I have journals from college, journals from my early married years, journals specifically for overseas trips, journals just for my motorcycle adventures, journals for Scripture. It's a mess, really.
Before I get to the reason for my writing today, I want to point out that I don't use journals because I'm organized and I don't use them because I'm spiritual and I don't use them because I live an "intentional life". I write in my journals so I don't forget things. It's the same reason I take photographs. I've found that I can remember a lot of experiences I've had over the years just using my gray matter, but when I look at a picture or re-read a journal entry about an experience, I RE-LIVE the experience. Much, much better. It's that invigorating reminder that makes my journal entries so important.
So, last night I paused while reading the novel I currently have my nose in, sat my coffee down, reached over to my bookshelf and yanked out my most recent journal. I flipped to the front of it, to the well-aged entries, to see what I might find.

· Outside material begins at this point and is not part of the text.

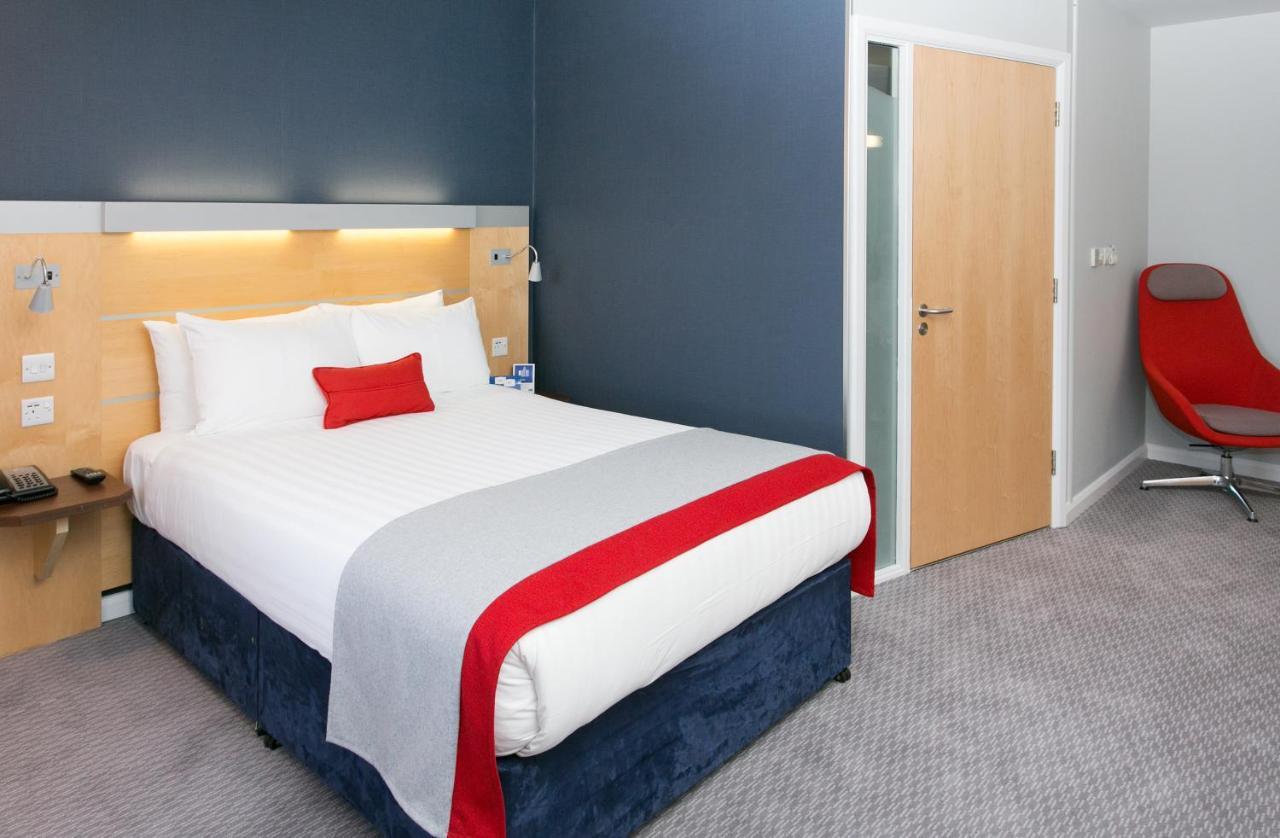Holiday Inn Express Antrim By Ihg Экстерьер фото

Now, the danger of reading your own journals is that you're likely to get shaken, slapped or stirred. The handful of pages I flipped through last night contained forgotten moments of wonder and awe and glory - my wife was there, my sons, my friends. There were reminders of God's faithfulness and kept promises. There were prayers for the future and testimonies of truth made in times of strong faith that gave me confidence as I read them. I was moved, and frankly, I felt a little bit silly that my heart feels so weak at times in spite of all the good that has come my way by the hand of God.
In the end, I've renewed my commitment to keep writing, if for no other reason than that someday, someone (maybe my kids!) will read those journals after I'm gone and find the story of a relentless God making His life known in the life of an ordinary man.